When Yasser Arafat died, the world's conspiracy theorists predictably went into a frenzy of accusing Israel of having poisoned him.
This was not a conspiracy theory.
Although it fits well into the conspiracy-theoretic world view because it shares some of the attributes of conspiracy theories, it lacks a key attribute by which we recognise conspiracy theories as irrational and as false. As we have said in the first post in this series, a conspiracy theory is:
- an explanation of observed events in current affairs and history (✓) … which
- alleges that those events were planned and caused in secret by powerful (or allegedly powerful) conspirators (✓), who thereby…
- benefit at the expense of others (✓, sort of), and who therefore…
- lie, and suppress evidence, about their secret actions (✓), and…
- lie about the motives for their public actions (x).

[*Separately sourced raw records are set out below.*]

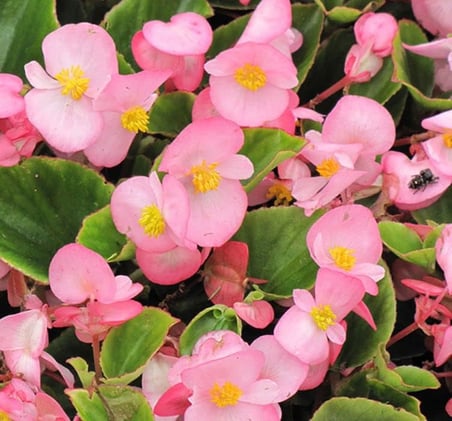 Begonya Tohumu (Şeker - Yeşil Yaprak) Pembe Renkli - 40 Tohum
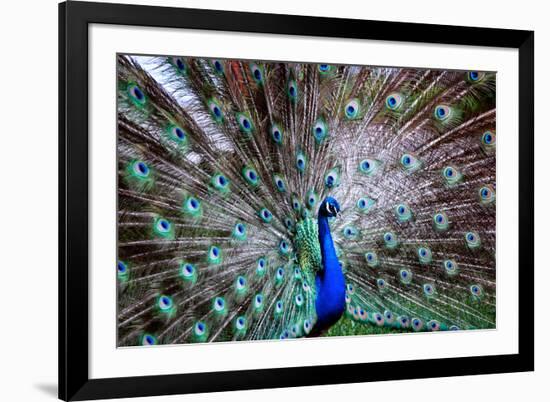 Wild Beauty II-Gail Peck-Framed Photographic Print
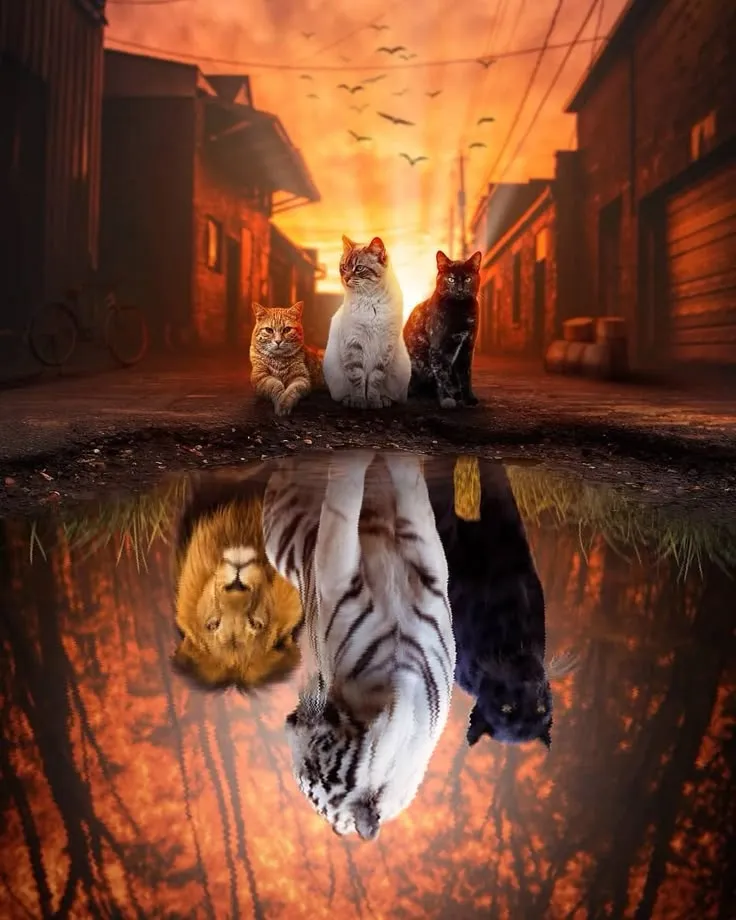 Les dessins fantomatiques de Willie Hsu semblent prendre vie dans le papier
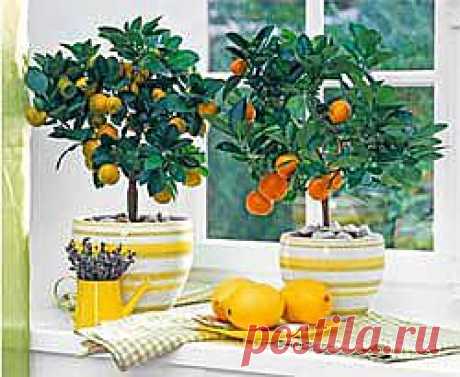 Как вырастить лимон в домашних условиях - Свое хозяйство * - Сборник - Умеха - Самоделки и Советы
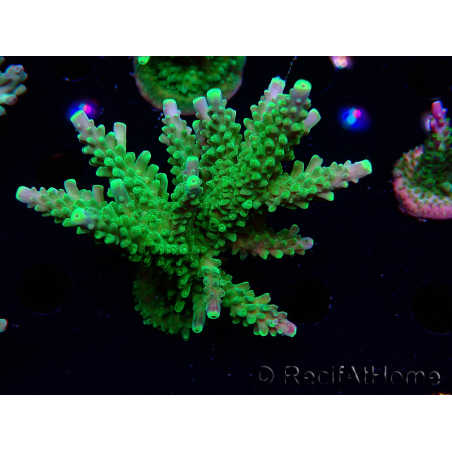 WYSIWYG RAH Acropora Joker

For the Israeli Prime Minister Ariel Sharon to have had Arafat poisoned, he would not have needed to lie about his motives, only his actions. Sharon and his government had said many times that Arafat was a mass murderer and actively engaged in terrorism, so their publicly announced and defended policy of targeting such people would in principle apply. It was only out of expediency that they had decided not to kill him. This means that the operation, had it existed, would have required no dupes: the active cooperation of only a few senior officers, politicians, undercover agents, and possibly a military scientist or two would have been needed, and all of them could have been informed of the operation's real nature and its real purpose. Hence there would have been no need for the impossible task of promoting dupes to conspirators, which is an archetypal flaw of conspiracy theories.
Lest any readers misunderstand our example here, we must stress that it is not even remotely plausible that Sharon had Arafat killed. But that is because of the specific political, military and moral circumstances, and not, as in the case of conspiracy theories, because the idea is irrational in its form.